En el interminable fin de fiesta de la modernidad, sin embargo, destaca la atención que merecieron las cartas de este poeta y activista romántico: el reclamo de la persona sobre la estela del poeta. En 1911 apareció la traducción al francés de Jean Delachaume, impresa por Calmann-Lévy en un ejemplar de cerca de quinientas páginas, y por esta vía llegaron a los lectores mexicanos del Tiempo de Victoriano Agüeros algunas de esas cartas de Byron, incluida naturalmente la de su travesía a nado en los Dardanelos. La amplitud de voces que Byron desplegó en su correspondencia, en ocasiones tan aguda, sorprendente, salaz, impredecible y viva como su poesía, atrajo diversas rondas de lectores, todas ellas hermanadas por sus diferencias. Tómese el caso de las que seleccionó y estudió cuidadosamente Jacques Barzun (1907-2012) para Grosset & Dunlap en 1953. O bien la meticulosa criba que realizó Jaime Gil de Biedma (1929-1990) con las cartas venecianas de Byron (1816-1819), traducidas y editadas y prologadas por Eduardo Mendoza (1943) para Tusquets en 1999.

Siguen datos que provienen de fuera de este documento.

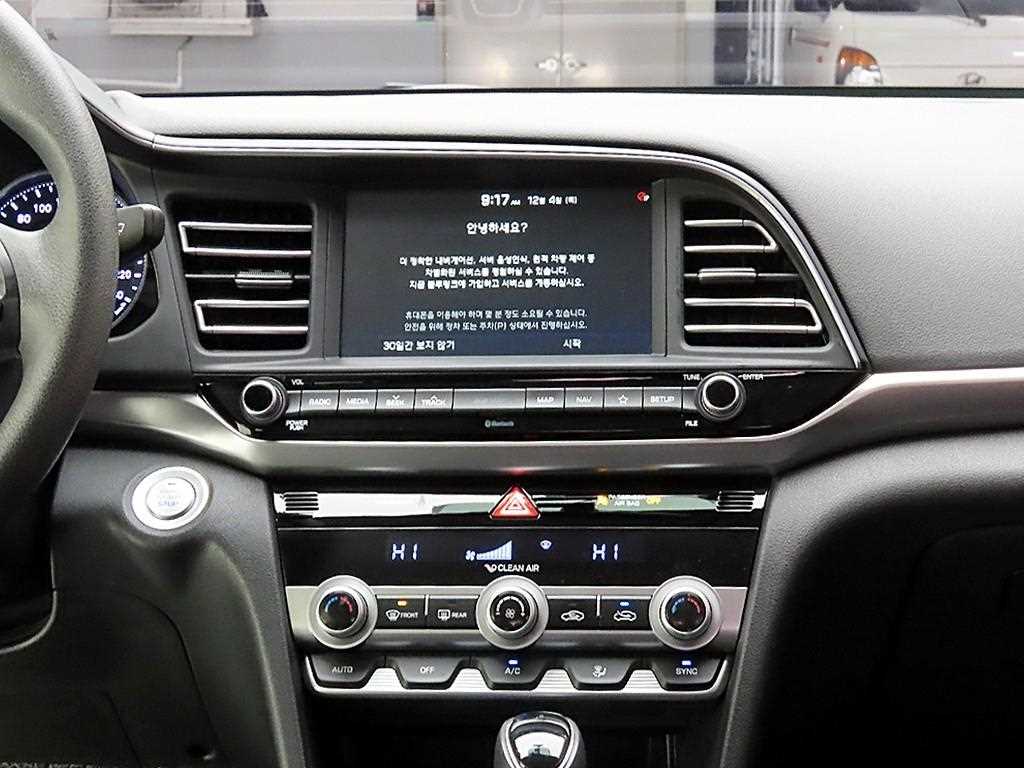 HYUNDAI Avante 2019 Blanco - Importación desde Corea - HF Imports Iquique - Foto 15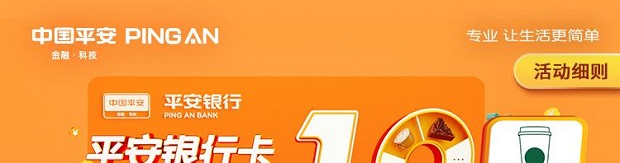 平安银行信用卡星巴克漫70减18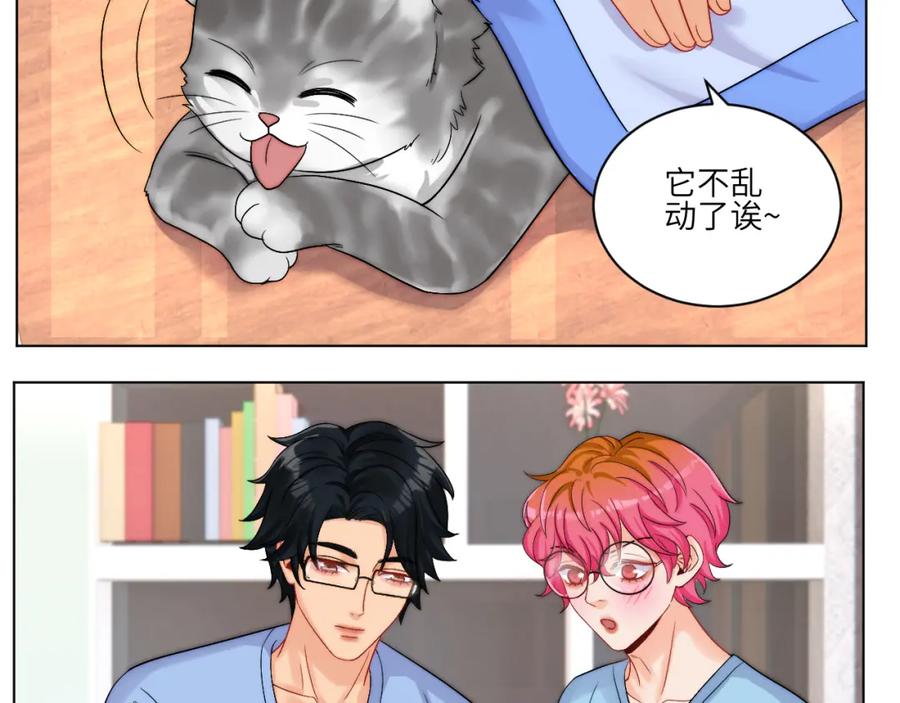 男生宿舍303 小猫咪们的小护士 第38页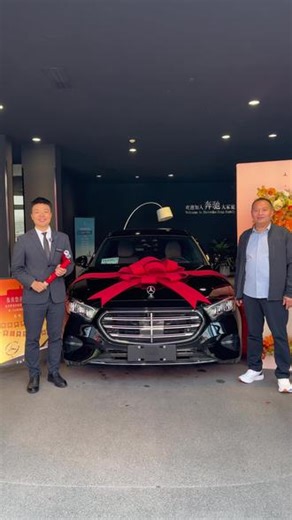 四十多落地的奔驰E300L豪华你心动了吗#奔驰 #梅赛德斯奔驰 #E300L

En la historia de los románticos ingleses, como alguna vez escribió el crítico literario inglés Maurice Bowra, Byron ocupa un lugar propio. Para los europeos que crecieron en el siglo xx, como la generación del citado Barzun, Byron era el máximo representante de todo el movimiento romántico, así como el autor con mayor renombre en su colorido elenco. Un sujeto que supo reunir en su ubicua persona pública las cualidades esenciales de un movimiento literario que nació asociado al deseo de recuperar la sencillez del lenguaje y quien, con su persuasivo ejemplo, logró imponer la agenda romántica en el mundo civilizado que incluía lo mismo a Goethe que a Pushkin que a Victor Hugo. Muy bien. Sólo que desde el punto de vista inglés –sigue Bowra– Byron era una suerte de espectro ambulante salido del siglo xviii y esto poco tenía que ver con la consagración romántica de la imaginación y el verbo.

Ni antiguo ni moderno, como señaló Goethe. ¿Qué haces ahora, Lord Byron? Ni suspira ni demanda ni rima ni seduce ni cobra ni arrulla. En el mejor de los casos tal vez sea el secreto impulso en cada brazada que se empeña en conquistar el Helesponto de nuestro descontento.